● Problem
In the data below, find the line with "6 PACK Gold" and the line with "Alok White Pearl", then restate both and every line between them exactly, minus the pictures.

==== Given records ====

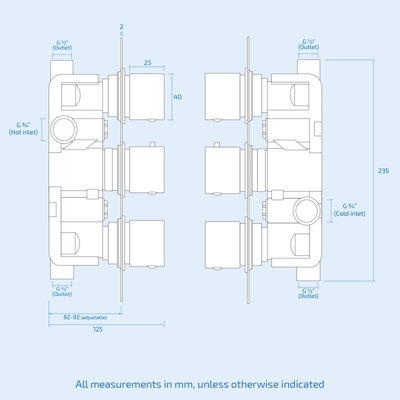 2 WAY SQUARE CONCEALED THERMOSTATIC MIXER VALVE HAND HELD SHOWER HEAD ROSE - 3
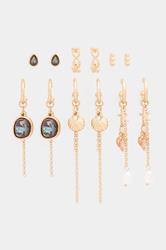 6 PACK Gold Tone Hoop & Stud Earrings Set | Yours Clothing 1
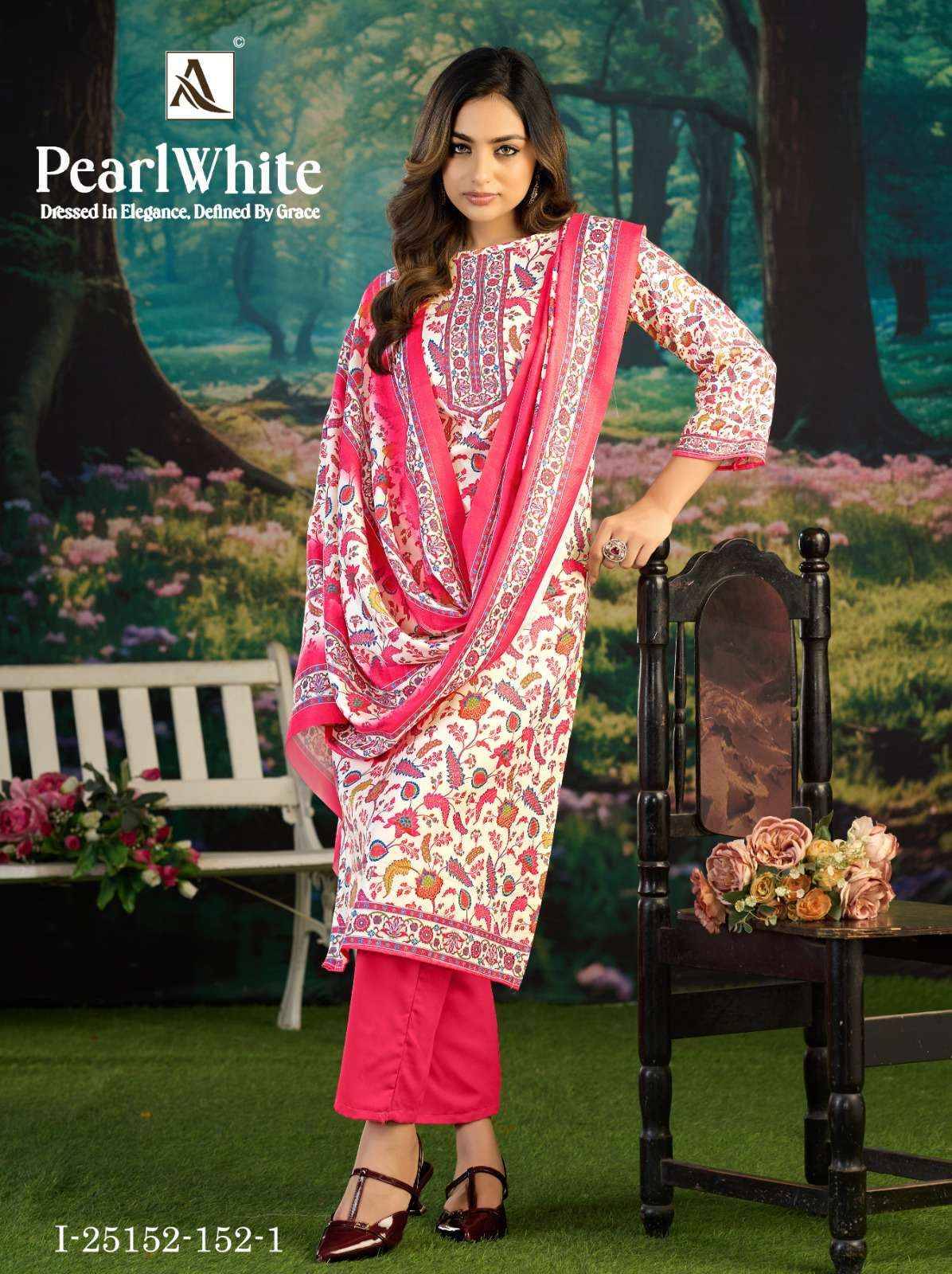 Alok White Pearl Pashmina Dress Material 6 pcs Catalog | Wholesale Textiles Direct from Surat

====
==== Given records ====

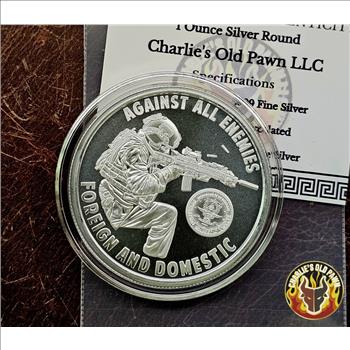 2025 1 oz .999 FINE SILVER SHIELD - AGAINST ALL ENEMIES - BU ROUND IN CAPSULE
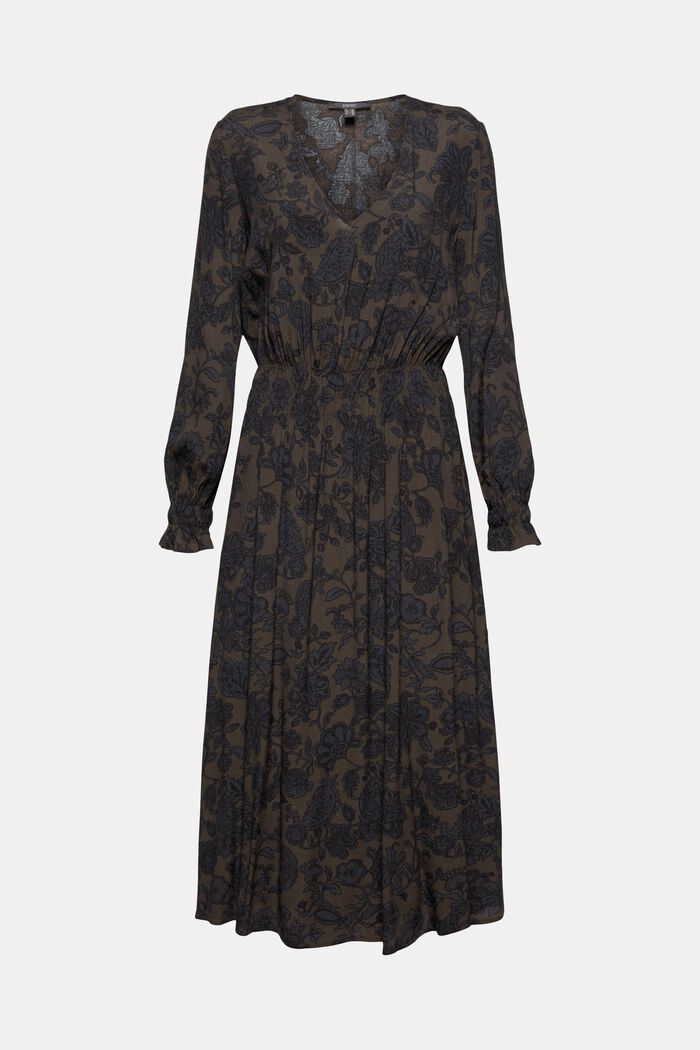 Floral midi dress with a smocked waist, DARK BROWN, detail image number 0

====

● Output
 6 PACK Gold Tone Hoop & Stud Earrings Set | Yours Clothing 1
 Alok White Pearl Pashmina Dress Material 6 pcs Catalog | Wholesale Textiles Direct from Surat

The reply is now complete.